This specification extends the Media Capture and Streams specification [GETUSERMEDIA] to allow a depth stream to be requested from the web platform using APIs familiar to web authors.

Status of This Document

This section describes the status of this document at the time of its publication. Other documents may supersede this document. A list of current W3C publications and the latest revision of this technical report can be found in the W3C technical reports index at http://www.w3.org/TR/.

This document is not complete and is subject to change. Early experimentations are encouraged to allow the Media Capture Task Force to evolve the specification based on technical discussions within the Task Force, implementation experience gained from early implementations, and feedback from other groups and individuals.

This document was published by the Device APIs Working Group and Web Real-Time Communications Working Group as a First Public Working Draft. This document is intended to become a W3C Recommendation. If you wish to make comments regarding this document, please send them to public-media-capture@w3.org (subscribe, archives). All comments are welcome.

Publication as a First Public Working Draft does not imply endorsement by the W3C Membership. This is a draft document and may be updated, replaced or obsoleted by other documents at any time. It is inappropriate to cite this document as other than work in progress.

This document was produced by a group operating under the 5 February 2004 W3C Patent Policy. W3C maintains a public list of any patent disclosures (Device APIs Working Group, Web Real-Time Communications Working Group) made in connection with the deliverables of the group; that page also includes instructions for disclosing a patent. An individual who has actual knowledge of a patent which the individual believes contains Essential Claim(s) must disclose the information in accordance with section 6 of the W3C Patent Policy.
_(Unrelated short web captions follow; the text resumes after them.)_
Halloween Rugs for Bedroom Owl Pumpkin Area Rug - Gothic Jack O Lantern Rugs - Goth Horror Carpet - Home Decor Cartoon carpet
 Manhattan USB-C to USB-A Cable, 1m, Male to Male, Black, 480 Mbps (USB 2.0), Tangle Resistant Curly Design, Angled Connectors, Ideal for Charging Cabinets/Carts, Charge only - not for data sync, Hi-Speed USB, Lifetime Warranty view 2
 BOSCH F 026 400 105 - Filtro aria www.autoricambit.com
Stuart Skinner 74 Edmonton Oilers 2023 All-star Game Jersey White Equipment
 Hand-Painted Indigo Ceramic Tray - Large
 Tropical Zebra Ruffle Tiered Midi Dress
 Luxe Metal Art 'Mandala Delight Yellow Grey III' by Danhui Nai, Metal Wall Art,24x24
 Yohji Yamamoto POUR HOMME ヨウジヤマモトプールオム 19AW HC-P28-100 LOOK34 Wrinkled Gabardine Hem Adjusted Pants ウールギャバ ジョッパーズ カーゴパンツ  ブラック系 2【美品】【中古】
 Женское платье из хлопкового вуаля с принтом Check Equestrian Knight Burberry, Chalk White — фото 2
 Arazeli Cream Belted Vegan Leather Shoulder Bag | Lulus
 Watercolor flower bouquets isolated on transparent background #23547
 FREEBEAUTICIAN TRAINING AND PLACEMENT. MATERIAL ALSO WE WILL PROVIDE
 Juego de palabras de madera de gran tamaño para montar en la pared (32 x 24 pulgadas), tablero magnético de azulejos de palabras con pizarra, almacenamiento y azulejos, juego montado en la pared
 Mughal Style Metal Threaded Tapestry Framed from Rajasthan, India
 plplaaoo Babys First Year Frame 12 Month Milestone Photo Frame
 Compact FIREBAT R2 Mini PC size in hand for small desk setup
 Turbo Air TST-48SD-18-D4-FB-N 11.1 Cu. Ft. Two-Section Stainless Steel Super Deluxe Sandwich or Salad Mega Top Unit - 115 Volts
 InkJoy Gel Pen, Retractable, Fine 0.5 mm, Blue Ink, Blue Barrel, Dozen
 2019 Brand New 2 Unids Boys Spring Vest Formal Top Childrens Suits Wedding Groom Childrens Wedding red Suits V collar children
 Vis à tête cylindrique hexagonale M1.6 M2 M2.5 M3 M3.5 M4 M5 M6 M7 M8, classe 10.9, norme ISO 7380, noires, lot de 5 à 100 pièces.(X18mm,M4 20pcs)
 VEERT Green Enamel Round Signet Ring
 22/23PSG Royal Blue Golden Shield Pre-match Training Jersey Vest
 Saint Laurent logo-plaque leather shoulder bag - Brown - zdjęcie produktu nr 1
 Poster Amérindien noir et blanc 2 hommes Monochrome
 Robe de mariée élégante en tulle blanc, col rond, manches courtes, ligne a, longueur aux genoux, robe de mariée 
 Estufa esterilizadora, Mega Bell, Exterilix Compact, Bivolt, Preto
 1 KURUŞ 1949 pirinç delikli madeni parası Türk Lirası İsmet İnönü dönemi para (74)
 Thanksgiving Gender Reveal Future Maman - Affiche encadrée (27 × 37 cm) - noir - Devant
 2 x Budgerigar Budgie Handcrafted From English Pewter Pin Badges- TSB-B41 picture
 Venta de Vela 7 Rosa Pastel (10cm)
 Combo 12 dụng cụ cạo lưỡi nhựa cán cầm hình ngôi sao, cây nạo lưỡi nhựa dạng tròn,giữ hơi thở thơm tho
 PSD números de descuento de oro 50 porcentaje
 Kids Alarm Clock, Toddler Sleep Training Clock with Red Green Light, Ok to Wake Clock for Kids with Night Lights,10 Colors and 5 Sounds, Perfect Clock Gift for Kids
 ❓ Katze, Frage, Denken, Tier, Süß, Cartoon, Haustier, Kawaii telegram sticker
This document is governed by the 1 August 2014 W3C Process Document.

Table of Contents

1. Introduction

This specification extends the MediaStream interface [GETUSERMEDIA] to enable it to also contain depth-based MediaStreamTracks. A depth-based MediaStreamTrack, referred to as a depth track, represents an abstraction of a stream of frames that can each be converted to objects which contain an array of pixel data, where each pixel represents the distance between the camera and the objects in the scene for that point in the array. A MediaStream object that contains one or more depth tracks is referred to as a depth stream.

2. Conformance

As well as sections marked as non-normative, all authoring guidelines, diagrams, examples, and notes in this specification are non-normative. Everything else in this specification is normative.

The key words MUST, MUST NOT, REQUIRED, SHOULD, SHOULD NOT, RECOMMENDED, MAY, and OPTIONAL in this specification are to be interpreted as described in [RFC2119].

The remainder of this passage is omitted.